6e dimanche du temps ordinaire - 16 février 2025
Évangile selon saint Luc 6, 17.20-26

Heureux… malheureux… l’antithèse propre aux Béatitudes de Luc ne soit pas nous tromper. Quand Dieu s’adresse à l’homme, mettant devant lui la bénédiction ou la malédiction, il s’agit toujours de son bonheur. La promesse de Dieu est toujours parole de grâce.
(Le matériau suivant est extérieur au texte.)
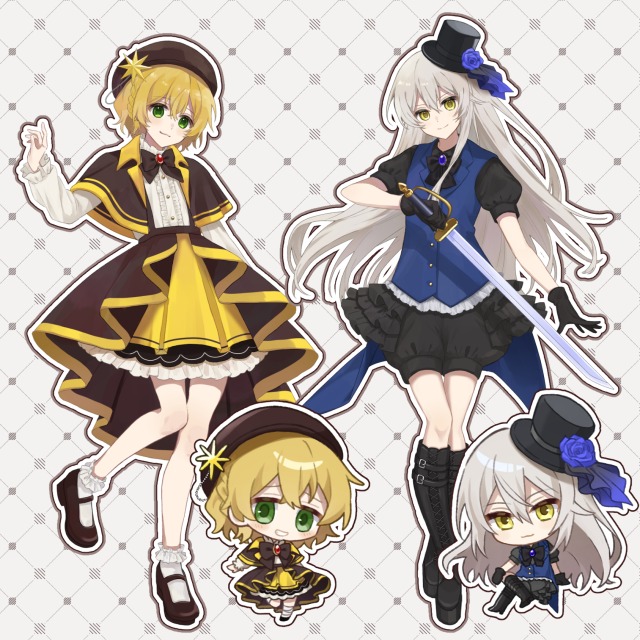 立ち絵サンプル⑤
Certes, le monde est à l’envers, mais serait-il encore le monde donné par Dieu, le monde de Dieu, s’il était à la mesure de l’homme. « Le langage de la croix est en effet folie pour ceux qui se perdent, mais pour ceux qui se sauvent, pour nous, il est puissance de Dieu… Dieu n’a-t-il pas frappé de folie la sagesse du monde… Tandis que certains demandent des signes et que d’autres sont en quête de sagesse, nous prêchons, nous, un Christ crucifié, scandale pour les uns, folie pour les autres » (Co 1,18-25). Le monde de Dieu est un monde à l’envers : lorsque l’Envoyé meurt sur un gibet d’infamie, il foule au pied de la mort ; lorsque le péché parait l’emporter, c’est alors qu’elle accomplit le salut et que se manifeste la grâce (« Bienheureuse faute de l’homme »). Et lorsque Luc regarde les communautés qui ont jailli en terre païenne, il n’a pas à se réjouir : miséreux, gens de petite vertu, marginaux, voilà le milieu où la foi a fleuri.
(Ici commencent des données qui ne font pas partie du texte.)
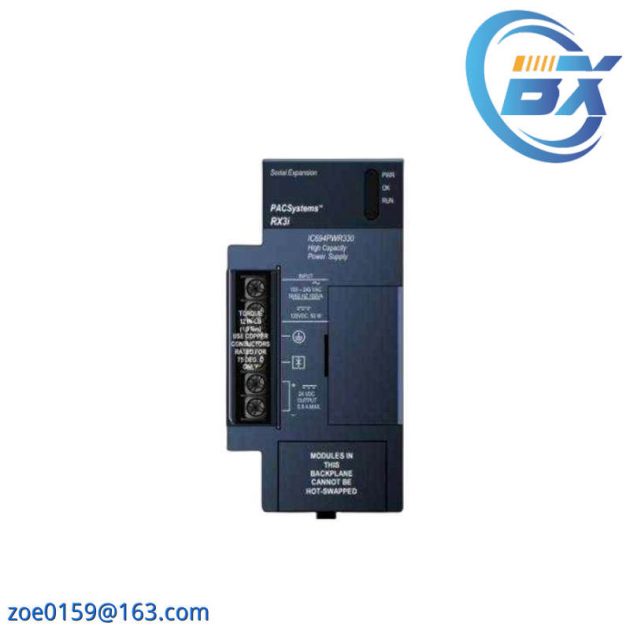 GE 369-C100 High-Performance Control Module for Industrial Automation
« Il n’y a pas beaucoup de sages, ni beaucoup de puissants, ni beaucoup de gens bien nés chez nous ; mais ce qu’il y a de fous dans le monde, voilà ce que Dieu a choisi afin que personne n’aille se glorifier devant Dieu » (Co 1,26-29).
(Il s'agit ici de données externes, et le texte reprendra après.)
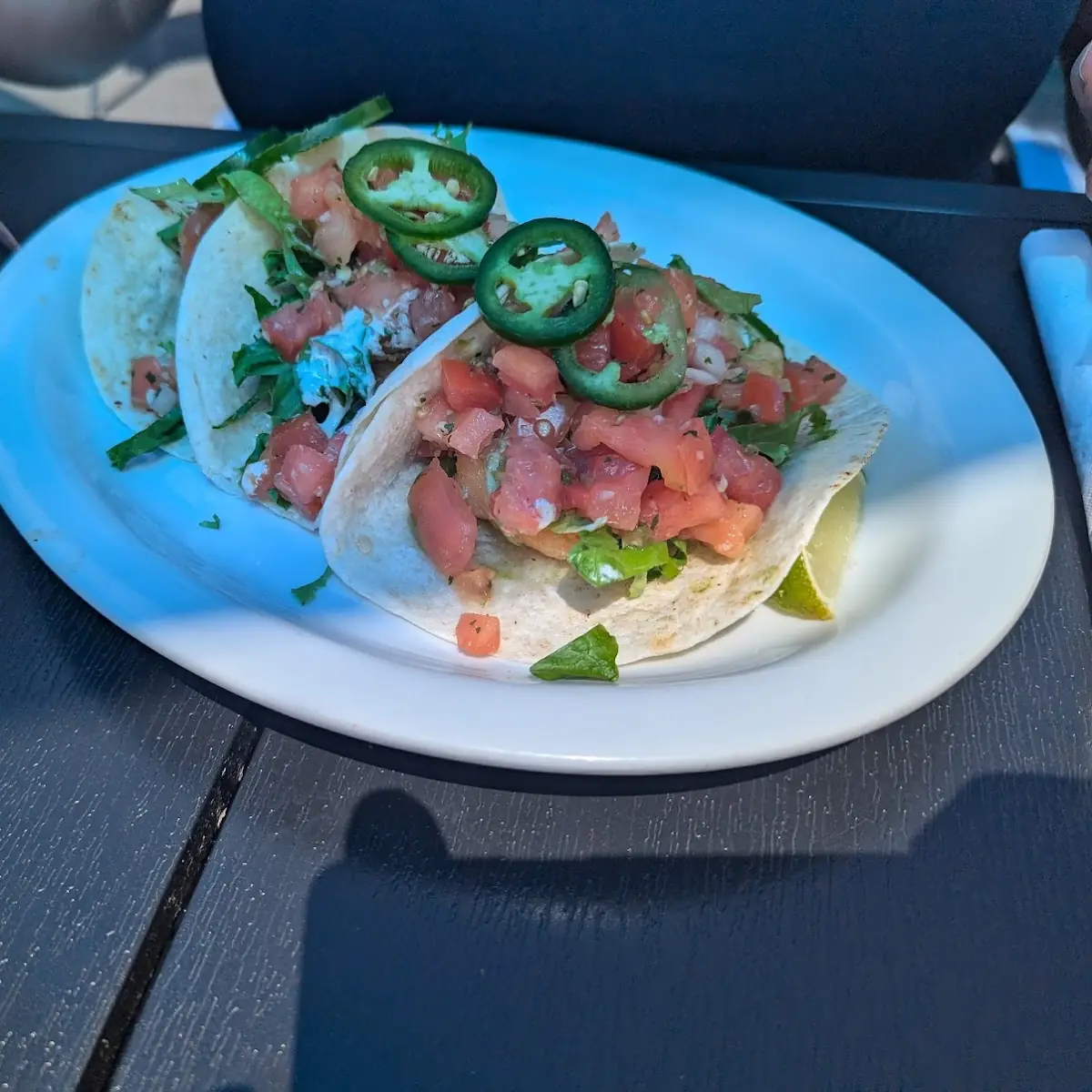 Shrimp Tacos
Bienheureux les fous de Dieu, ceux qui comme le pierrot du cirque, se rient du monde des hommes alors même qu’ils le prennent très au sérieux. Bienheureux ceux qui oseront larguer les amarres qui les retiennent à la terre ferme et mettront leur espoir dans l’Océan qui peut les porter. Celui qui ne risque pas en haute mer ne connaîtra jamais l’enivrement de la vague et des embruns, ni la séduction de l’immensité du ciel qui rejoint la mer. On criera : « casse-cou », mais lui sait qu’à force de scruter l’horizon, il découvrira les rivages d’une terre nouvelle. Celui qui reste sur le bord ne perdra jamais le goût de la terre ferme, la terre des gens raisonnables, sûrs d’eux-mêmes, sages, bien-pensants. Ils se croient riches et ils sont nus. Ils croient qu’ils ont bâti et ils ont amoncelé des ruines.
Bienheureuse l’Église qui se risque dans les voies scandaleuses de l’Évangile !
Bienheureuse l’Église qui va au-devant des laissés pour compte, malheureuse Église qui fait avec ceux qui dominent, écrasent, avilissent, asservissent.
Bienheureuse Église qui s’interroge avec ceux qui questionnent, qui doutent et qui cherchent : faisant sienne leur quête de vérité, elle ne sera pas sûre d’elle-même, mais trouvera sa joie dans l’émerveillement d’une découverte !
Malheureuse Église qui se drape dans sa conviction de posséder la vérité : elle n’a plus rien à dire aux hommes puisqu’elle ne parle que d’elle-même au lieu de guider vers un Autre qu’elle a à recevoir.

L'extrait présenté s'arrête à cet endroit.